With very little effort, Kanban can change a lot. I witness this often when I visit a company again weeks or months after introducing Kanban. However, I also see that I get contacted by companies where the „Kanban pilots“ have ditched the aircraft in the swirling desert sands. “We have a board, WIP limits and classes of service. Yet the staff are trying permanently to circumvent the system”, is a common complaint I face. A few targeted questions soon reveal that Kanban is not regarded as an evolutionary change but as a hotchpotch of mechanisms pushed on the top of a team.
Kanban is a change initiative
In the principles of Kanban David Anderson has explained what he means by evolutionary change:
- Kanban starts at the point where the system happens to be at. It needs no significant adjustments, costly training or process revolutions.
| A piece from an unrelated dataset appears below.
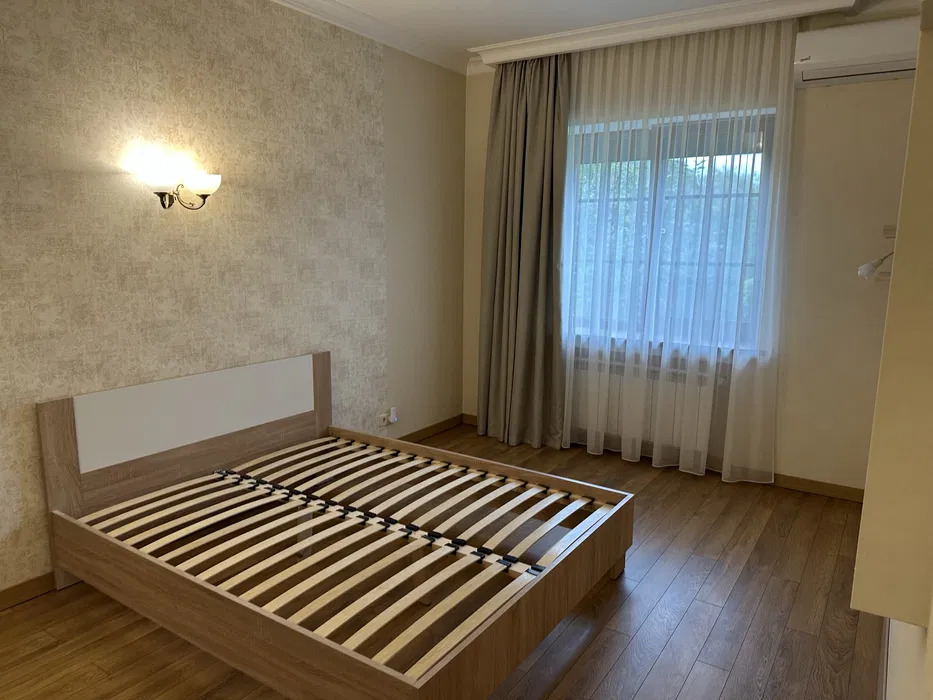 Аренда коттеджа 155 м², Салютный пер.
- Kanban respects the existing order. It neither places in doubt the existing processes or functions. In this sense respect means granting that what already exists has a meaning.
- Kanban strives for incremental, evolutionary changes. The approach is a step by step one and not a major leap. Equally important is a consensus among all who will be significantly affected by this movement of change.
- Kanban requires leadership at all levels throughout the organization. If continuous improvement is to function, everyone involved should contribute and implement their ideas for improvement. Operative staff knows best of all what needs to be improved in daily operations – we should encourage them to reconcile their views with the management and to take jointly the next step towards improvement.
I consider it as absolutely vital that these principles are being followed in Kanban implementation. When it comes to creating a cultural change – towards a culture of continuous improvement – it needs even more than this.
Signpost towards a change in culture
In our book “Kanban in IT” – which is about to appear in English soon – Sigi Kaltenecker and I explain that, above and beyond these principles, a profound in-depth understanding of these principles is needed on how a culture of continuous improvement can be created. For this, in our view, the following signposts are vital:
- Kanban is a change initiative. It’s about systemic improvements for which not individual performance but cooperation is essential. Value creation and quality of work increases through better structures and clearer rules with all relevant partners.
- Kanban is about the overall working culture. Improving this culture requires critical reflection of one’s own attitudes, which are expressed in particular performance and cooperative behavior. This in turn requires the readiness to work continuously on one’s personal development.
- Kanban is about people and not mechanisms. People drive sustainable improvement – and they do so essentially through their emotions: Joy, courage, enthusiasm but also frustration, disappointment or grief. We strongly recommend that these emotions are both respected and put to use – after all, they are to be regarded as a motor of change.
- Kanban is a team sport. To create a culture of continuous improvement, allies are needed. Partners, both male and female, are needed to bring these new values to life and to nurture them. Managerial support is needed as systematic problems must be brought to light and solved. Lastly the stakeholders must also be in the boat for without their active cooperation the desired additional value cannot be achieved.
These signposts stress the complexity of the fields of change, which is created by Kanban. This requires an approach that does justice to it and explains why it is not recommended in general, simply just to kick off with Kanban. In so doing, one runs the risk that it stagnates in short-term steps of change and that long-term steps for improvement are not used.